Shock the middle class

Jim Broadbent and Lindsay Duncan

Jim Broadbent and Lindsay Duncan

Le Week-End (M)
Review by Emmet O’Cuana

Le Week-End opens with an anxiously bickering couple travelling to Paris via the Channel Tunnel. Their slights are cutting but affectionate, the various crises (who has the euros, who knows the way to the hotel) so recognisably conventional the film appears to be setting out to be a mild romantic comedy.

The couple, Meg and Nick, are played by Lindsay Duncan and Jim Broadbent, and there’s an initial fear that these two gifted actors are being wasted in a slight story about married empty-nesters.

Except the screenplay comes courtesy of Hanif Kureishi, so any such fears are completely unfounded. Instead Le Week-End quickly becomes a reflective piece about two former ’60s radicals whose passions have guttered out.

Nick seems to be under the impression that this trip to the city of love is an opportunity to act out Bertolucci’s Last Tango in Paris. A dismissive Meg oscillates between manic extremes, frustrated by a lifetime of disappointment.

Professional failure and ungrateful children have already combined to drive a wedge between the couple, with additional resentments that slowly become revealed festering away beneath the surface of their relationship.

This film is unflinching in its depiction of a marriage that has survived many years. The occasion of Meg and Nick’s 30 year anniversary has caused both to question why they are still together.

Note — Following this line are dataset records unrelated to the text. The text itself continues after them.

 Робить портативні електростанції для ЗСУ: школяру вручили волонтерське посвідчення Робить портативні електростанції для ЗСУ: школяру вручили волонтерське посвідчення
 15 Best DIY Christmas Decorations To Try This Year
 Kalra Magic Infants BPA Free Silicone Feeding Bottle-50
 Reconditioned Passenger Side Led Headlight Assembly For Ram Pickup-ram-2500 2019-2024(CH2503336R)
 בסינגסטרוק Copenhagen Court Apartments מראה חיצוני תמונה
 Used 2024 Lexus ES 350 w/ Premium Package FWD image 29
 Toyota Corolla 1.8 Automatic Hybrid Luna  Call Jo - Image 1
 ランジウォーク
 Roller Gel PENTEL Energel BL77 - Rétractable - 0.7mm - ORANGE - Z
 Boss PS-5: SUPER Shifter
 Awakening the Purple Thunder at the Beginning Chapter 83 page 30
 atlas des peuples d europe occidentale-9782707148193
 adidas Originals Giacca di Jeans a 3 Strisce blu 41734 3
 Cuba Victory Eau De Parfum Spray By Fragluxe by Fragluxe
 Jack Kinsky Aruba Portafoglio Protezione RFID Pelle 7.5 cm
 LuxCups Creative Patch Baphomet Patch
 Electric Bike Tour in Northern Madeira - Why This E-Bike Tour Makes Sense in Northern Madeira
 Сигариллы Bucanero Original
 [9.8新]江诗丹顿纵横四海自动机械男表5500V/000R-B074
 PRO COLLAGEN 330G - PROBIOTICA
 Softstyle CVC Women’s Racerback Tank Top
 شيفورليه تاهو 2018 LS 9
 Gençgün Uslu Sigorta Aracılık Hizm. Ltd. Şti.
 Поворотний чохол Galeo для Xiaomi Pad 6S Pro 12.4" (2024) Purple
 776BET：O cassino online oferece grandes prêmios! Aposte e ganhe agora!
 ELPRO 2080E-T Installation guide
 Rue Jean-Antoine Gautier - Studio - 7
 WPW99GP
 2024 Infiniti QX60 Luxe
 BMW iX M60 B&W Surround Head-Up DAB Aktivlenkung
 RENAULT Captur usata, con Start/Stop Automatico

The film also dissects the tendency of couples, after a period of dependable companionship, to take each other for granted.
One scene featuring Mary’s shock at an unexpected revelation captures the perfect note of wounded pride.

Where Le Week-End excels is in contrasting this reassessment of a long-lasting marriage with the disappointments of the Baby Boomer generation’s expectations for the future.

A heart-to-heart between Nick and the teenage son of an old college friend attempts to sum all of this up a little too neatly, but the theme of youthful enthusiasm coming up against wearied experience is nevertheless well presented. Kureishi and director Roger Mitchell’s previous collaboration, Venus with Peter O’Toole, similarly picked at the theme of aging and frustrated desires.

There is again more of an emphasis on the feelings of the male protagonist – Duncan’s haughty but wounded spouse is more reactive to Broadbent’s outbursts.

Still there is a great poignancy to Nick’s attempts to recapture the youthful spirit of the ’60s, from rocking out to Bob Dylan to recreating the famous dance scene from Godard’s Bande à part. The warm and evocative music of Nick Drake also features throughout on the soundtrack.

Duncan and Broadbent are excellent as the feuding couple.

Nick, in particular (if played by a weaker actor), would have been a whinging pompous oaf, but Broadbent has enough of a finely tuned common touch to make the character easily relatable.

Lindsay Duncan is fantastic, taking full advantage of the film’s stripped back theatrical style to deliver a restrained and unmannered performance.

The late entry of Jeff Goldblum into the proceedings, playing a once-precocious follower of Nick’s during his university days turned bestselling pseudo-academic man of letters, carries the film neatly along to an emotional climax.

Le Week-End represents an interesting recent trend in cinema, joining the likes of The Best Exotic Marigold Hotel and Quartet, movies aimed at an older audience.

Instead of green-screen spectacle and comic book violence appealing to teenage boys, these films focus on human drama.
The emotional lives of these characters are genuine and the continuing audience-appeal of the actors shows there is a strong market for these pictures.

With plenty of memorable, if downright cutting, dialogue, great central performances and nicely chosen music from Nick Drake, Le Week-End makes for an enjoyably provocative cinematic experience.